Yes, Prime Minister (Mosaic) Review | Zzap - Everygamegoing


Yes, Prime Minister
By Mosaic
Commodore 64

Published in Zzap #32

Yes, Prime Minister

Yes, Prime Minister closely follows the popular television comedy programme, and takes the player through a typical working weel of the right honourable Jim Hacker PM. During this time he or she has to successfully negotiate the pitfalls and hazards of the country's political machinery.

The main screen contains a view of the interior of Jim's office. All the usual trappings of a major political power are there. Accessing these items is achieved via a floating cursor. Clicking the fire button over the selected equipment accesses another screen, where the desired information is displayed.

The game starts on the morning of Monday, April 1st. Checking the left hand drawer of the desk shows a list of the appointments that Jim has to attend during the course of the day. It's up to the player to keep a check on the time, and go to the appropriate rooms at the correct hour by accessing the door.

Having arrived punctually for an appointment, the player takes part in the meeting, which usually involves a discussion with Sir Humphrey Appleby, Bernard Wooley and a specified guest. After a resume of the particular problem, the PM instructs his minions by selecting orders from a list of possible dialogue. Choosing the correct response allows the meeting to continue, and also increases the PM's poll rating.

The game is played over five working days, each of which is loaded and played separately. At the end of the week, the PM has a final discussion with Sir Humphrey and Bernard, who pass judgement on the player's attempt at steering the country.


After playing Yes, Prime Minister through to completion, I was reasonably satisfied with it. The game plays quite well, and makes a good attempt at capturing the atmosphere of the TV show (thanks to the professional script-writing).

Unfortunately, the action is identical on subsequent plays, and after a couple of goes it will probably be relegated to the dustiest reaches of the software cupboard.

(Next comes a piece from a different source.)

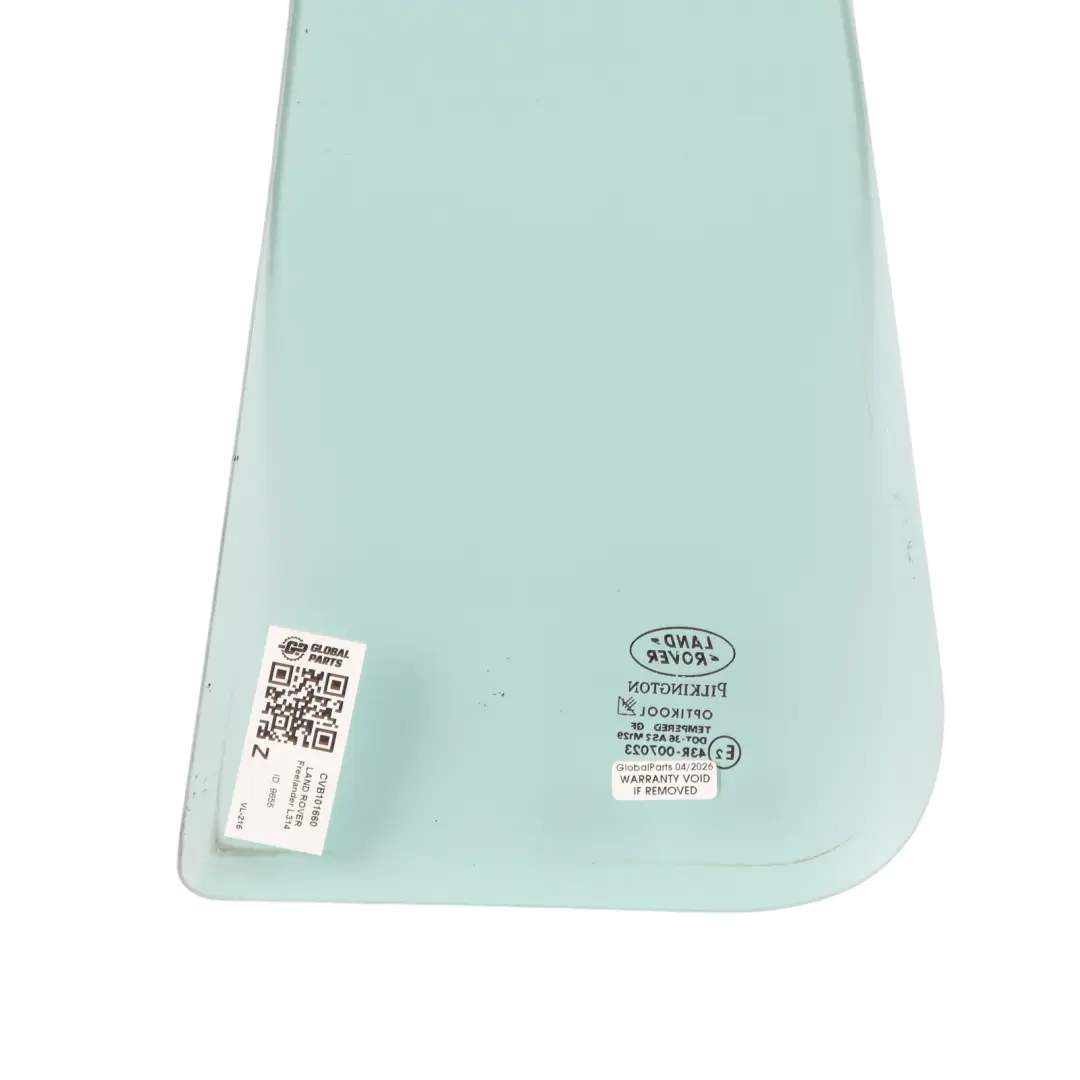 Door Quarter Glass Right O/S to Land Rover Freelander L314 Rear with Part number CVB101660 Land Rover Freelander L314 Rear Door Quarter Glass Right O/S - SKU CVB101660 - Part number CVB101660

Personally, I think Mosaic have one hell of a cheek to charge £15 for a game that provides, at the very most, a week's play.

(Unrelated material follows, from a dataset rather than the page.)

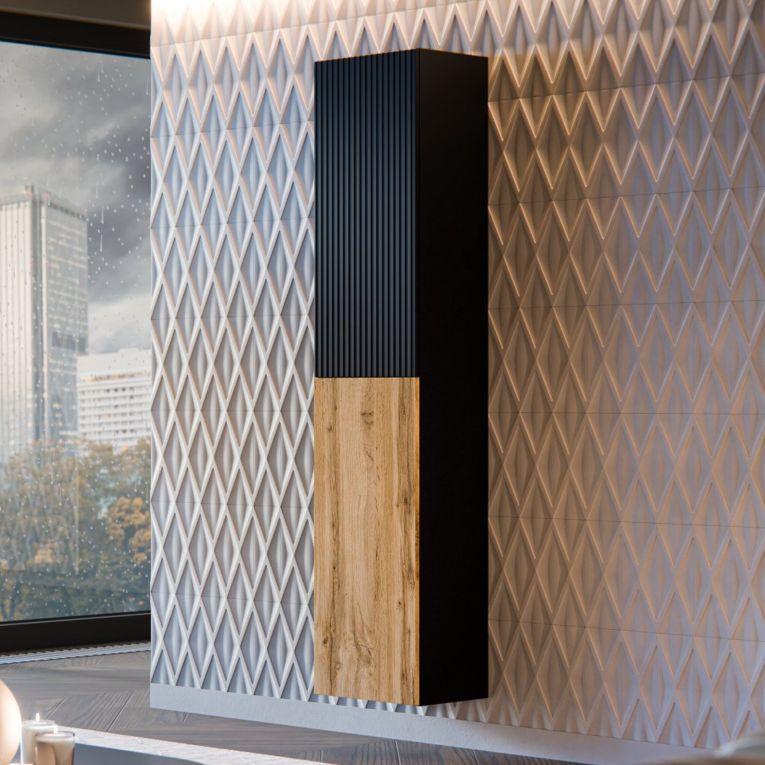 Vetrina Nero Antracite Marrone Rovere 4 Ripiani Un'anta 39.9x29.8x180h cm, Apertura Push Pull - Longano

Initially, Yes, Prime Minister is playable and extremely witty, but the problems don't change from game to game, and it doesn't take long to guess the correct answers.

The text does make you smile the first few times you play, as the 'script' is very similar to the original TV series, but unfortunately the jokes wear thin once they've been endured a couple of times.

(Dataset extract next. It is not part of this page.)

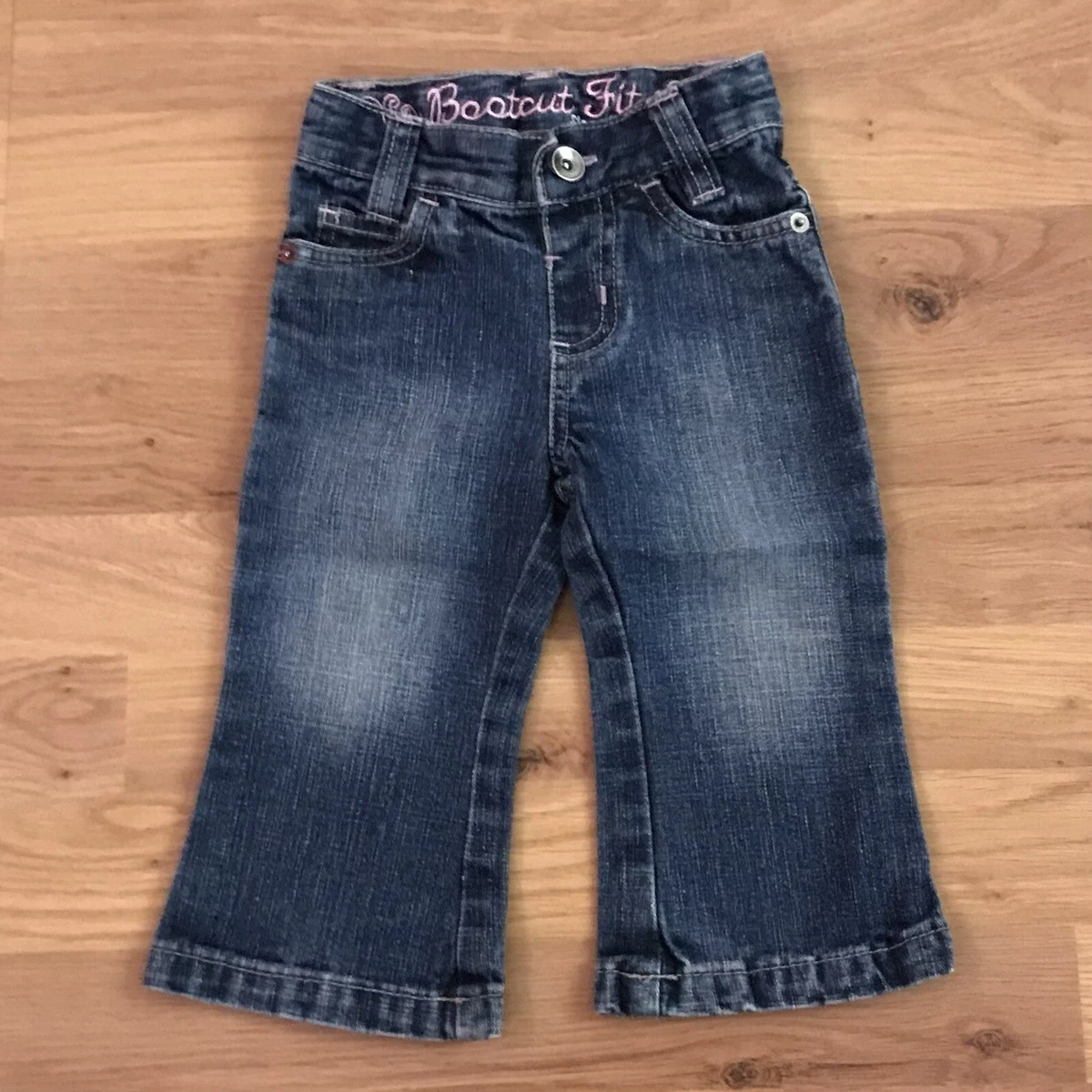 E Vie Angel Bootcut Denim Jeans Baby Girls 12 18 Months Blue Button Done Up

The £15 price tag is far too high for a game which offers such limited entertainment.


Presentation 67%
The icon-driven control is easy to use, and the text and general on-screen appearance is good.

Graphics 67%
Bland background, but neat digitised caricatures.

Sound 45%
Limited but competent spot effects.

Hookability 72%
Easy to play, and the jokes amuse.

Lastability 28%
As there are very few random events, the game becomes predictable after a couple of plays.

Overall 38%
An amusing but overpriced political romp, which loses its appeal alarmingly quickly.